-- DIRECTIONS --
Keep the images out and set the listing below down word for word.

-- DATA BLOCK --
BEGIN

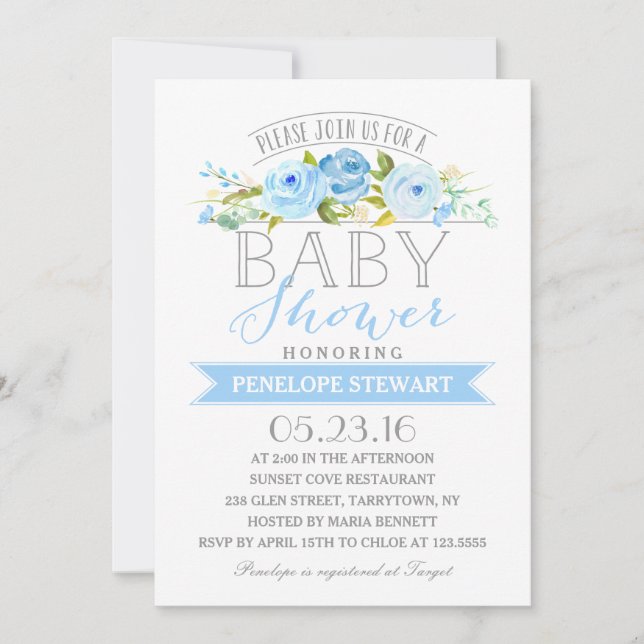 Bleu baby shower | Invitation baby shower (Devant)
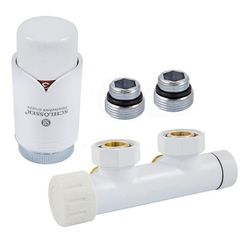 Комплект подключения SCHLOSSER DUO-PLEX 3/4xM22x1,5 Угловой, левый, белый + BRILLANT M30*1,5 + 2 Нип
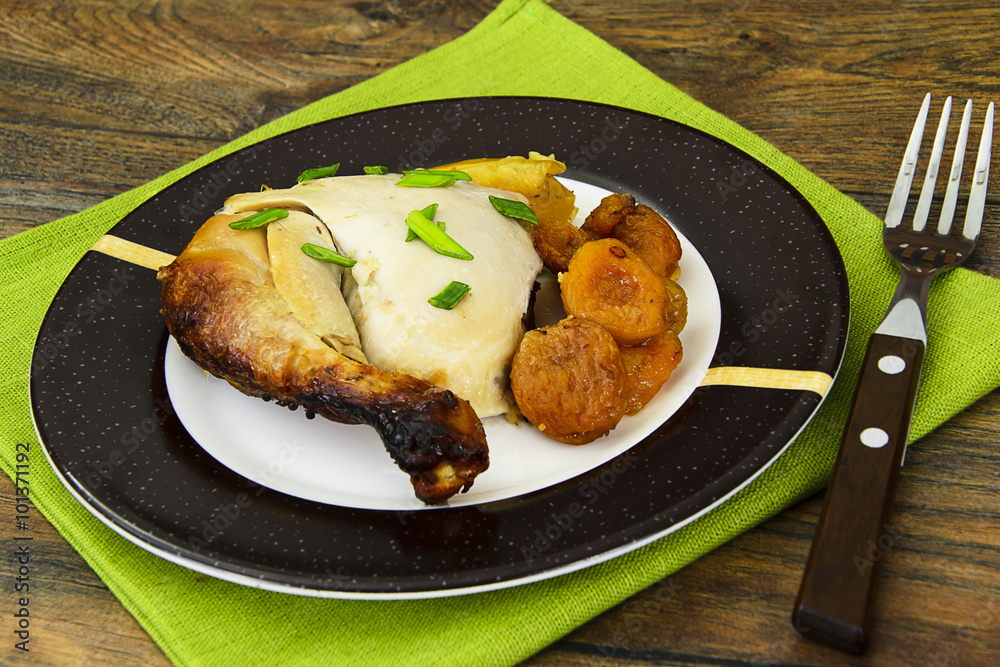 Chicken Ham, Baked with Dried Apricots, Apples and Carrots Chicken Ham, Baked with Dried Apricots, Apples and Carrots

END

-- RESPONSE AREA --
 Bleu baby shower | Invitation baby shower (Devant)
 Комплект подключения SCHLOSSER DUO-PLEX 3/4xM22x1,5 Угловой, левый, белый + BRILLANT M30*1,5 + 2 Нип
 Chicken Ham, Baked with Dried Apricots, Apples and Carrots Chicken Ham, Baked with Dried Apricots, Apples and Carrots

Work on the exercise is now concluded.